“Your Marketing Strategy starts, ends, lives, and dies with your customer.
“So in the development of your Marketing Strategy, it is absolutely imperative that you forget about your dreams, forget about your visions, forget about your interests, forget about what you want–forget about everything but your customer!
“When it comes to marketing, what you want is unimportant.
“It’s what the customer wants that matters.
“And what your customer wants is probably significantly different from what you think he wants.” (p. 218)
“…People do not simply want to work for exciting people. They want to work for people who have created a clearly defined structure for acting in the world. A structure through which they can test themselves and be tested. Such a structure is called a game.
“And there is nothing more exciting than a well-conceived game.
“That is what the very best businesses represent to the people who create them: a game to be played in which the rules symbolize the idea you, the owner, have about the world.” (p. 202)

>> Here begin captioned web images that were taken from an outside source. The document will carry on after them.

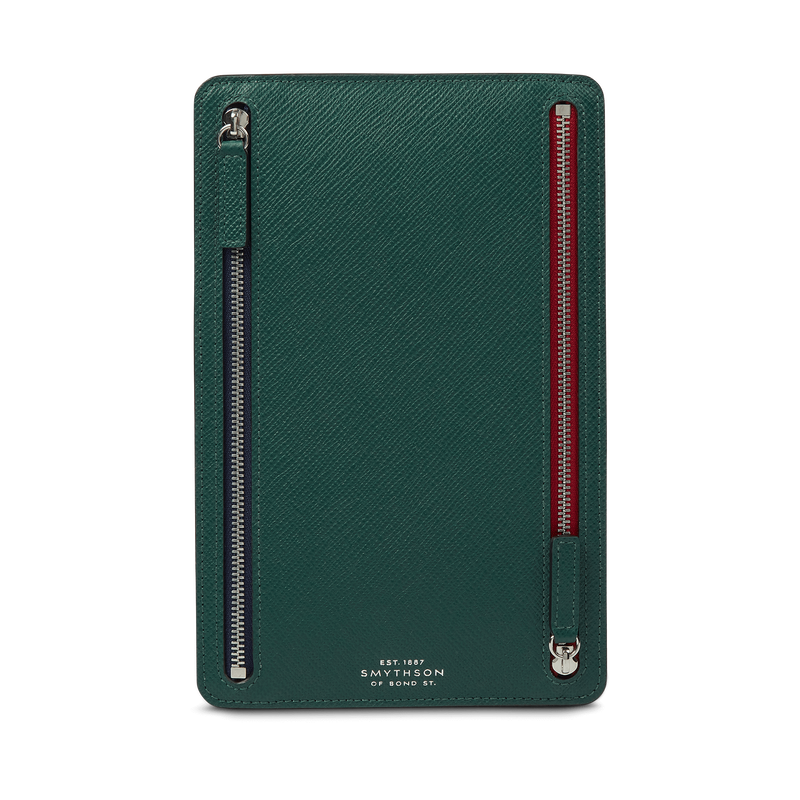 Multi-Zip Case in Panama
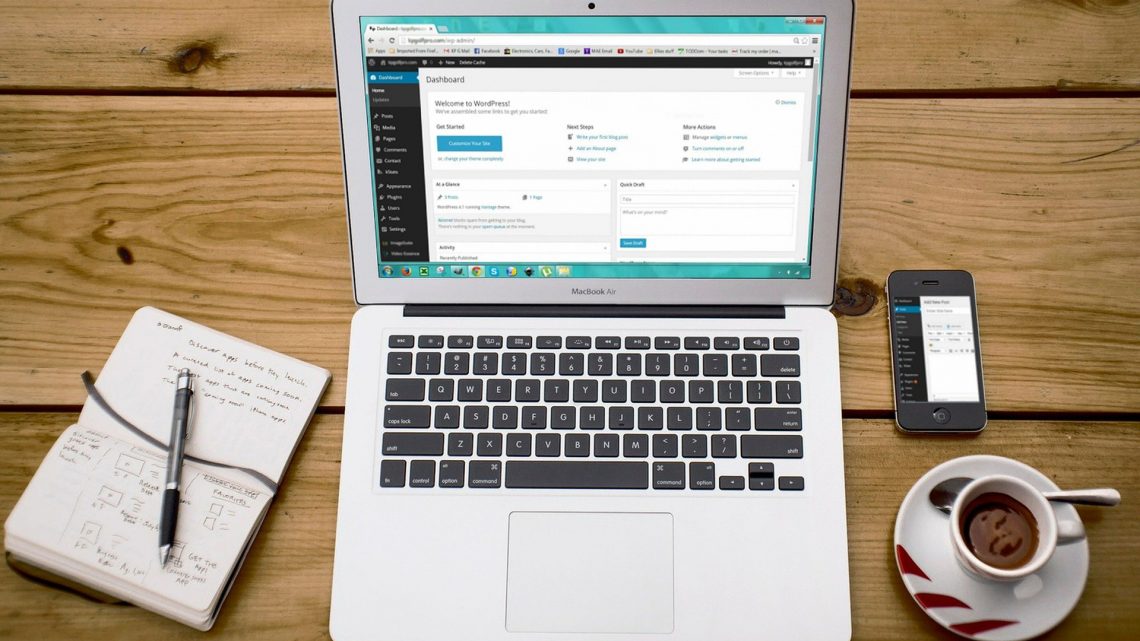 Création d’entreprise : comment se préparer pour un projet web ?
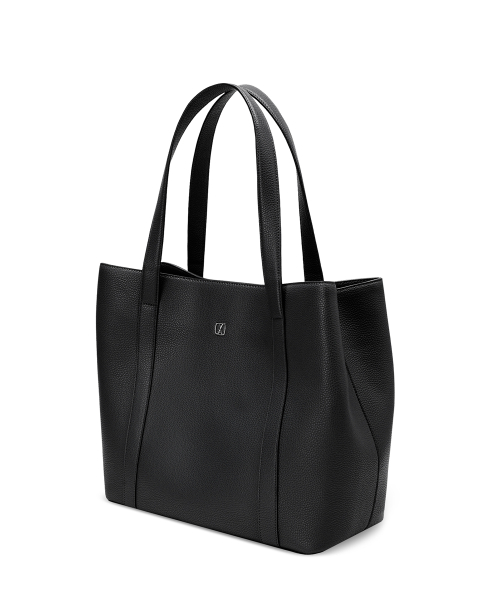 SELON Shopper Bag Large Black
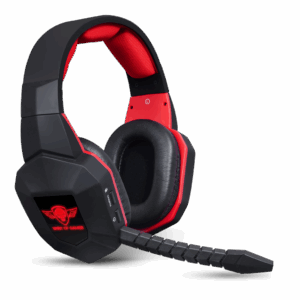 Noise-cancelling gaming headsets Dubai with high-clarity microphone for VoIP and conference calls
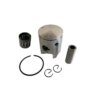 50cc FTN50 Dirt Bike Piston Kit with Small End Bearing
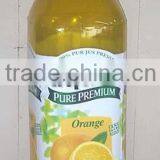 2016 Best Selling Custom Logo Printed Giant Inflatable Bottle thumbnail-1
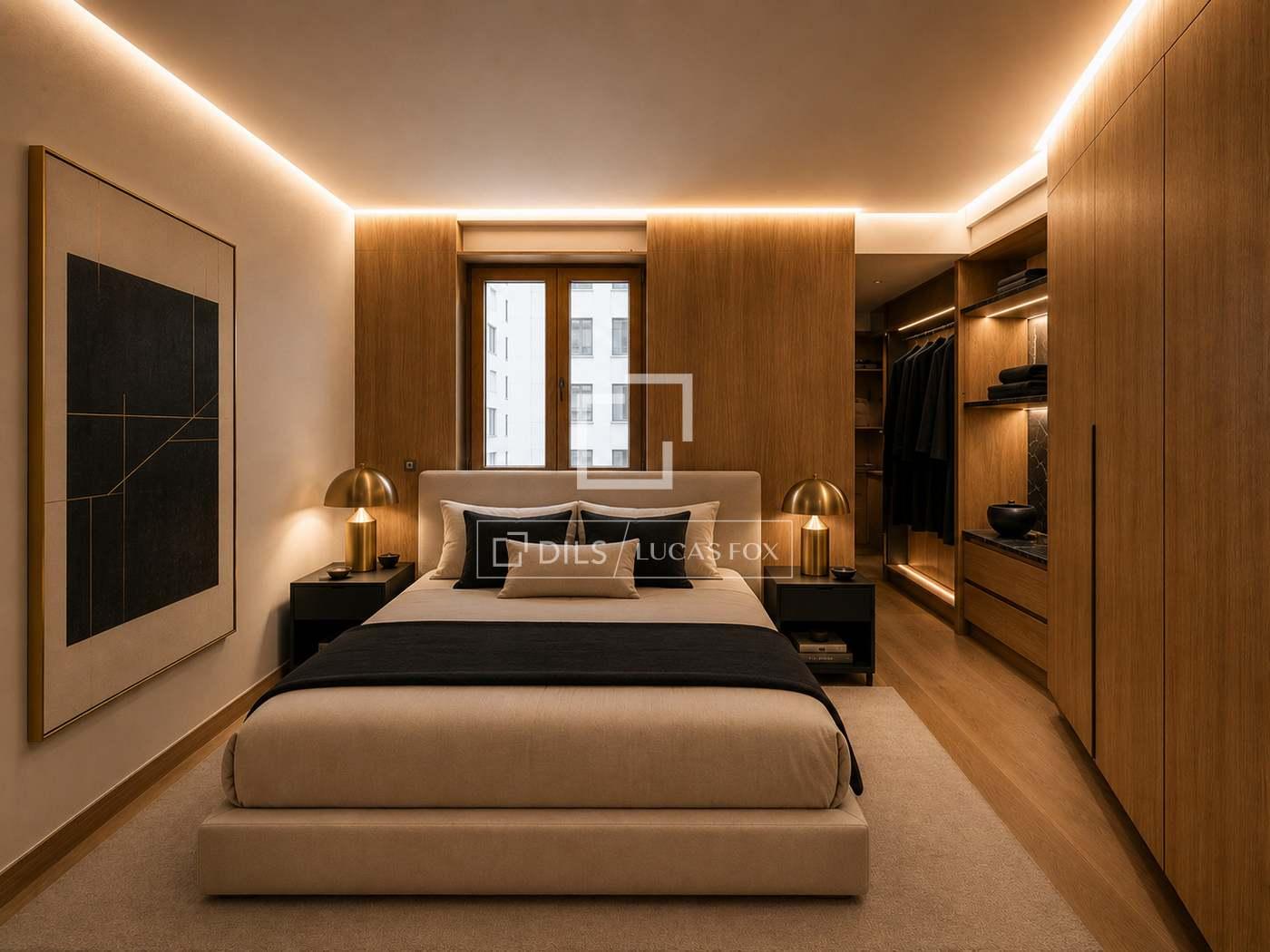 Apartamento en Venta en Madrid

“Great people have a vision of their lives that they practice emulating each and every day. They go to work on their lives, not just in their lives. Their lives are spent living out the vision they have of their future, in the present. They compare what they’ve done with what they intended to do. And where there’s a disparity between the two, they don’t wait very long to make up the difference.
“They go to work on their lives, not just in their lives.
“I believe it’s true that the difference between great people and everyone else is that great people create their lives actively, while everyone else is created by their lives, passively waiting to see where life takes them next.
“The difference between the two is the difference between living fully and just existing.
“Let me repeat once more that great quote by Don Juan in Carlos Castaneda’s A Separate Peace: ‘The difference between a warrior and an ordinary man is that the warrior sees everything as a challenge, while an ordinary man sees everything as either a blessing or a curse.'”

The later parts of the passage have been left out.